By analyzing the data from their model, the scientists discovered that when Mars tilts on its axis to an angle of 35 degrees, the atmosphere becomes sufficiently dense for intermittent melting episodes to occur in the gully regions. They then correlated the data with specific periods in Mars’ history when the gullies in the Terra Sirenum region experienced rapid expansion downhill from higher elevations. This phenomenon could only be explained by the presence of water at certain intervals.
Jim Head, a geological sciences professor at Brown University, explained, “Through our research and that of other scientists, we have come to understand that Mars once had flowing water on its surface, with river valleys and lakes. However, approximately 3 billion years ago, all of that liquid water was lost, and Mars transformed into what we now refer to as a hyper-arid or polar desert. Nevertheless, our study demonstrates that even after this transition and in more recent times, when Mars tilts to an angle of 35 degrees, it warms up sufficiently to melt ice and snow, reintroducing liquid water until temperatures drop and it refreezes.”
The recent findings provide valuable insights into the formation of Martian gullies, shedding light on crucial aspects such as their starting points, erosion intensity, and extent down the crater slopes.
Earlier theories proposed that carbon dioxide frost played a role in carving the gullies. It was believed that the frost evaporated from the soil, causing rocks and debris to slide down the slopes. However, the height and erosion patterns of the gullies led many scientists to speculate that the involvement of meltwater from glaciers was necessary, considering the distance the gullies traveled down the slopes and their eroded appearance. The challenge in confirming the presence of liquid water on Mars stemmed from the extremely cold temperatures, which usually hover around 70 degrees below freezing.
The findings of the new study suggest that gully formation was driven by a combination of ice melting and the evaporation of CO2 frost during different parts of the year. The researchers discovered that this process likely occurred repeatedly over the past several million years, with the most recent occurrence estimated to be approximately 630,000 years ago.
According to the researchers, the presence of ice at the gully locations they examined on Mars, coupled with a tilt of the planet’s axis to approximately 35 degrees, created favorable conditions for ice to melt due to temperatures rising above 273 degrees Kelvin (equivalent to about 32 degrees Fahrenheit).
Lead author Jay Dickson, who conducted the study while at Brown University and is currently affiliated with the California Institute of Technology, stated, “Our study demonstrates that the distribution of gullies worldwide is better explained by the presence of liquid water in the past million years. Water provides a more plausible explanation for the elevation distribution of gullies compared to carbon dioxide.
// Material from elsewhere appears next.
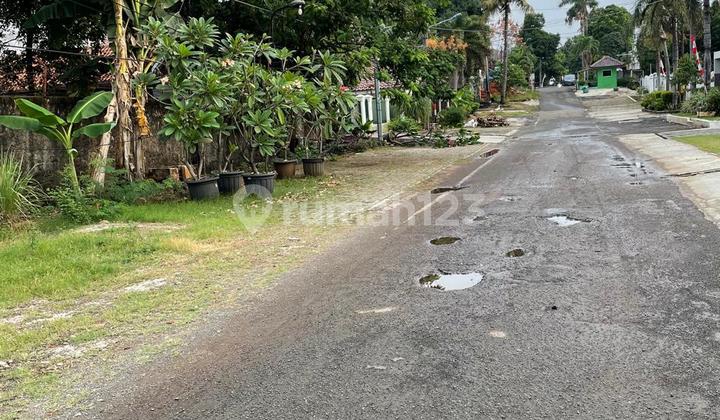 Tanah/kavling Siap Bangun,bebas Banjir Dalam Komplek Di Cipinang Muara,jatinegara Tanah/kavling Siap Bangun,bebas Banjir Dalam Komplek Di Cipinang Muara,jatinegara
This implies that Mars has had sufficient liquid water, within the last million years, to cause channel erosion, which is relatively recent in Mars’ geological history.”
Despite initial skepticism regarding the possibility of meltwater and the inability to replicate the necessary conditions for ice melting on Mars, the researchers were convinced of the accuracy of the meltwater theory due to their firsthand observations of similar features in Antarctica. Despite the frigid temperatures, the sun’s heat is capable of melting ice and triggering gully activity in Antarctica.
This new study builds upon previous research conducted by the team over several decades, focusing on Martian gullies. For instance, in a study from 2015, the researchers demonstrated the potential existence of periods in Mars’ history when water could have been present to form gullies, depending on the tilt of Mars’ axis. These findings motivated them to model the specific tilt angle and correlate it with the locations and altitudes of the formed gullies.
The research paper raises a fundamental question regarding the possibility of life on Mars, as the presence of liquid water is closely associated with life as we know it on Earth. The researchers note that Mars will eventually tilt to 35 degrees once again.
Jim Head, one of the researchers, poses the question, “Could there be a connection between the early warm and wet Mars and the Mars we observe today, in terms of the presence of liquid water?” Scientists are constantly searching for environments that could support not only the formation of life but also its preservation and continuity. Any microorganisms that might have evolved on early Mars would likely thrive in locations where they can survive comfortably in ice and also prosper in liquid water. In the extreme cold of the Antarctic environment, for instance, the few organisms that exist often remain in a state of stasis, awaiting the presence of water.
Additionally, the study emphasizes the significance of these gullies as potential targets for future exploration missions to Mars.